Source information:
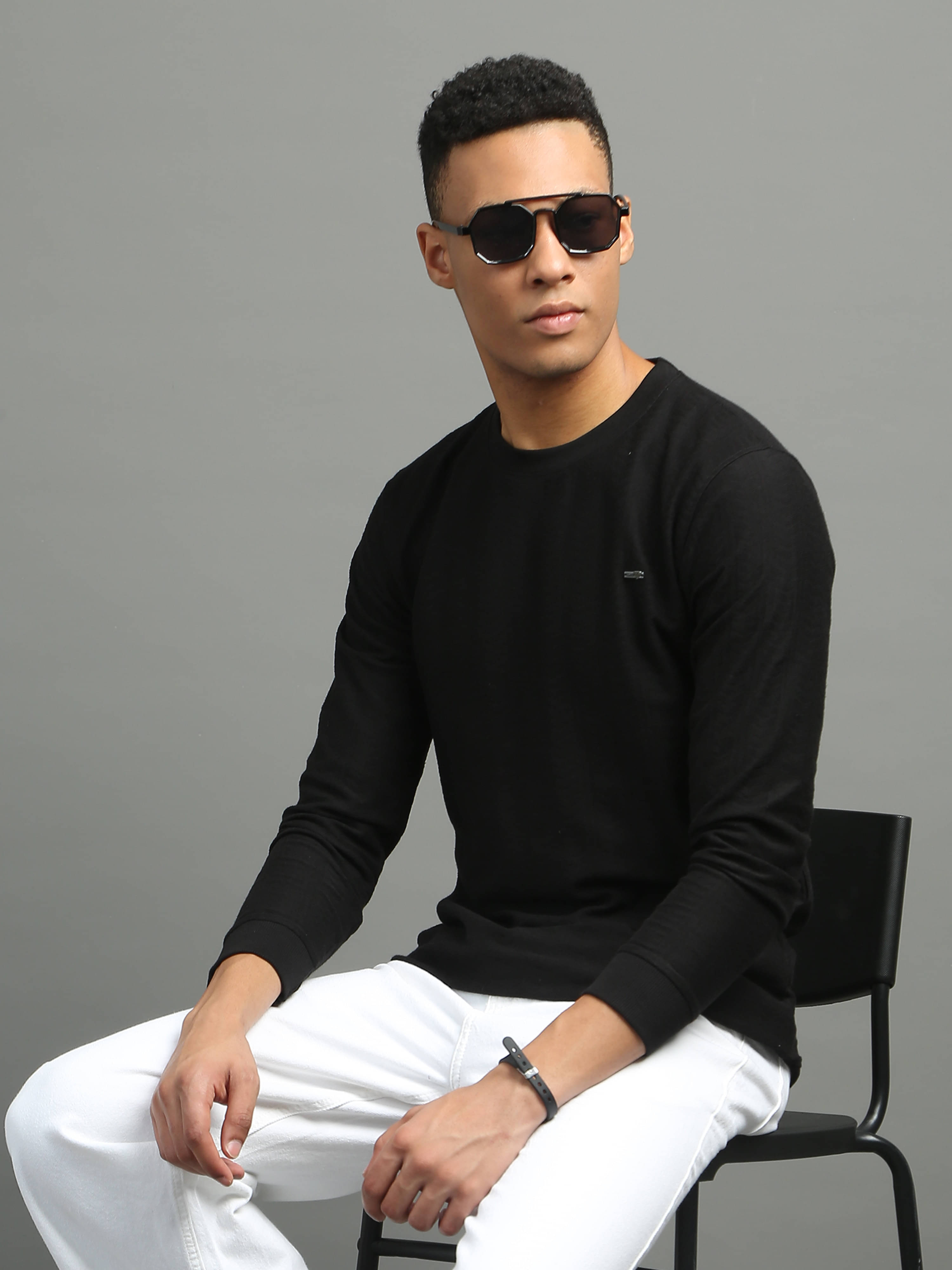     			FROSEN FOX Cotton Blend Round Neck Men's Sweatshirt - Black ( Pack of 1 )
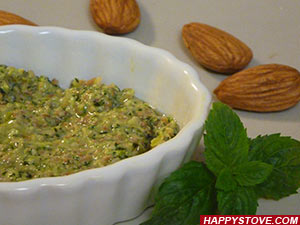 Mint and Almonds Pesto Sauce - By happystove.com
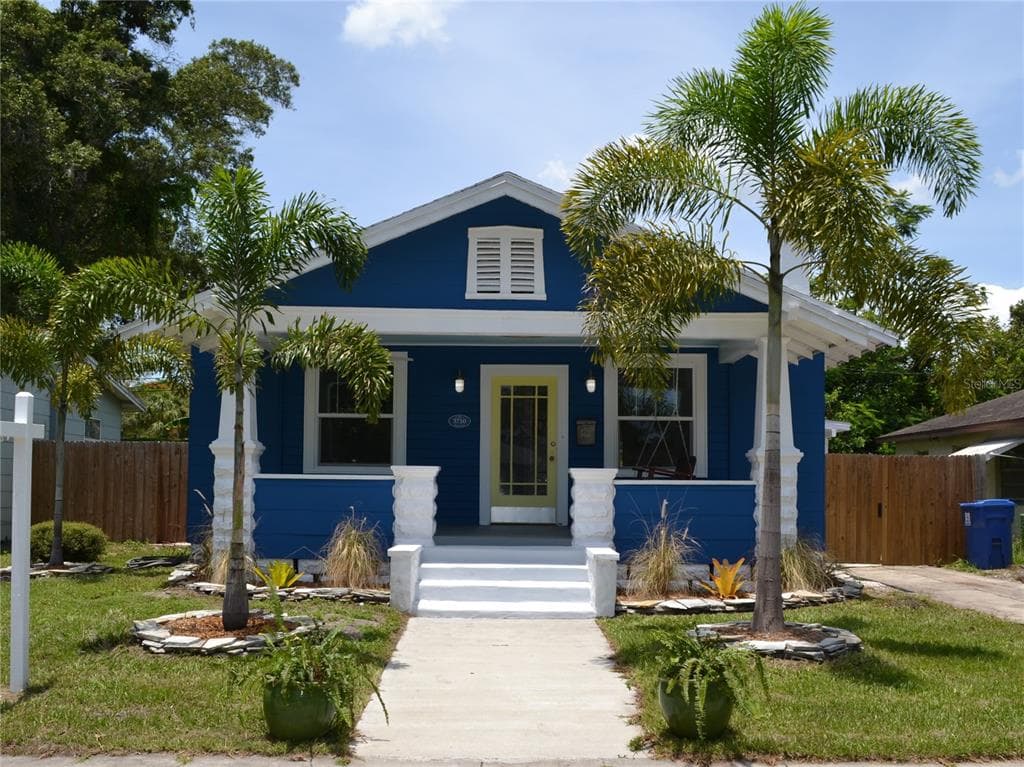3710 QUEEN STREET N ST PETERSBURG, FL 33713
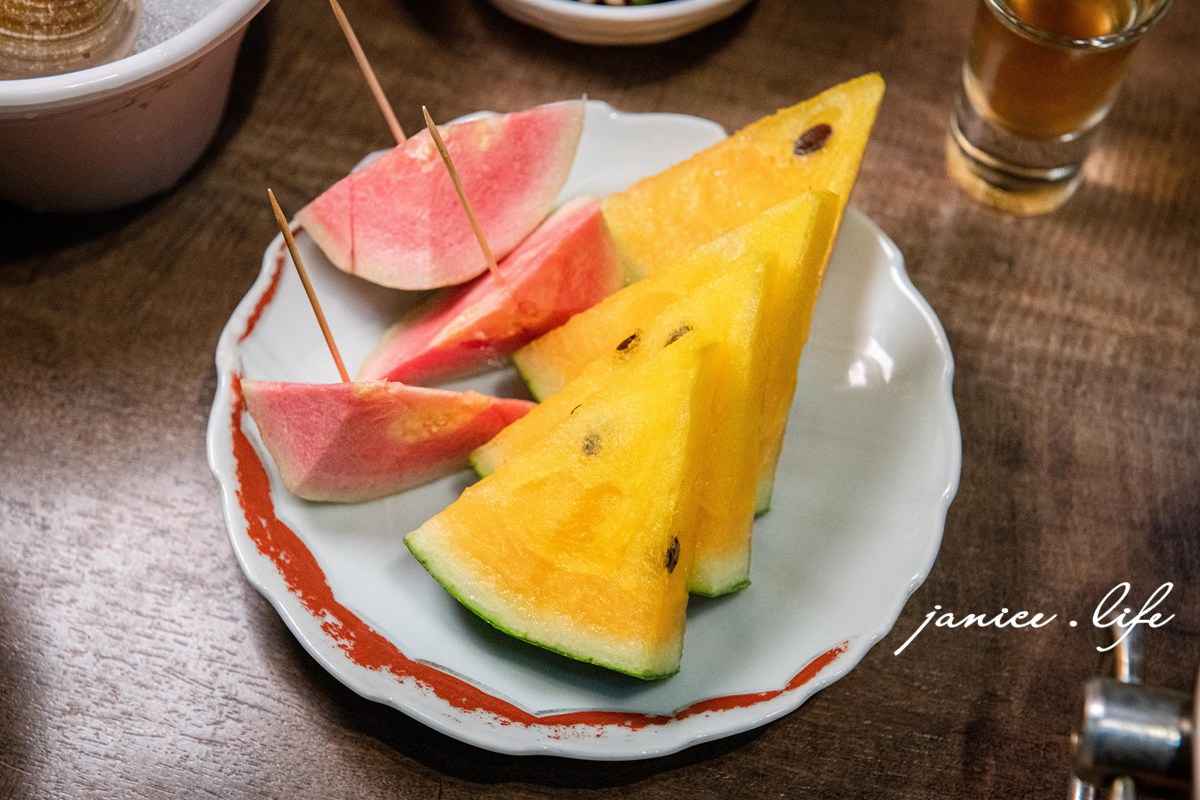 宜蘭冬山 大谷目糧倉鍋物東北酸白菜 宜蘭縣冬山鄉永興路二段48號 烤牛奶饅頭 三星蔥油餅 宜蘭火鍋 宜蘭冬山美食 潔妮食旅生活 大谷目糧倉鍋物菜單 宜蘭cp值高火鍋 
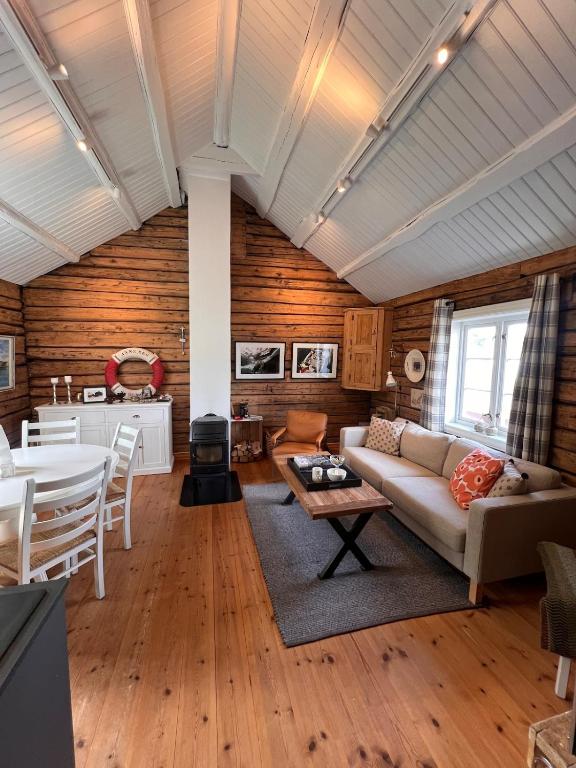 Charming cabin in Henningsvær, Henningsvaer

Required work: Copy exactly, and copy nothing else: the lines from the one containing "宜蘭冬山 大谷目糧倉鍋物東北酸白菜 宜蘭縣冬山鄉永興路二段48號" through the end of the data, both ends included, with pictures left out.

Output of the exercise:
 宜蘭冬山 大谷目糧倉鍋物東北酸白菜 宜蘭縣冬山鄉永興路二段48號 烤牛奶饅頭 三星蔥油餅 宜蘭火鍋 宜蘭冬山美食 潔妮食旅生活 大谷目糧倉鍋物菜單 宜蘭cp值高火鍋 
 Charming cabin in Henningsvær, Henningsvaer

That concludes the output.